WHAT YOU WILL DO:
Set down, please, exactly the lines below that run from the line with "Urban construction site" to the line with "Festlich gedeckter Tisch", both lines included.

___ SOURCE DATA ___

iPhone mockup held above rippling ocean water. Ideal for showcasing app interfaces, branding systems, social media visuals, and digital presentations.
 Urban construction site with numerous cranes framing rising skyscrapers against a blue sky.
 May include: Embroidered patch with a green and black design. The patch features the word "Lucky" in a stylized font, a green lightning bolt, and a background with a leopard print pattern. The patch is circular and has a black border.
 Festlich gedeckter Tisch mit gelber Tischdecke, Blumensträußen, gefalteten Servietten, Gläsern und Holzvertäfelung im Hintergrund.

___
___ SOURCE DATA ___

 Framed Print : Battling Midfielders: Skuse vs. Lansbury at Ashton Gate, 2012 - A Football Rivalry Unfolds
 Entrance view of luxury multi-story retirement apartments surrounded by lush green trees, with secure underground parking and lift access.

___

ANSWER BELOW:
 Urban construction site with numerous cranes framing rising skyscrapers against a blue sky.
 May include: Embroidered patch with a green and black design. The patch features the word "Lucky" in a stylized font, a green lightning bolt, and a background with a leopard print pattern. The patch is circular and has a black border.
 Festlich gedeckter Tisch mit gelber Tischdecke, Blumensträußen, gefalteten Servietten, Gläsern und Holzvertäfelung im Hintergrund.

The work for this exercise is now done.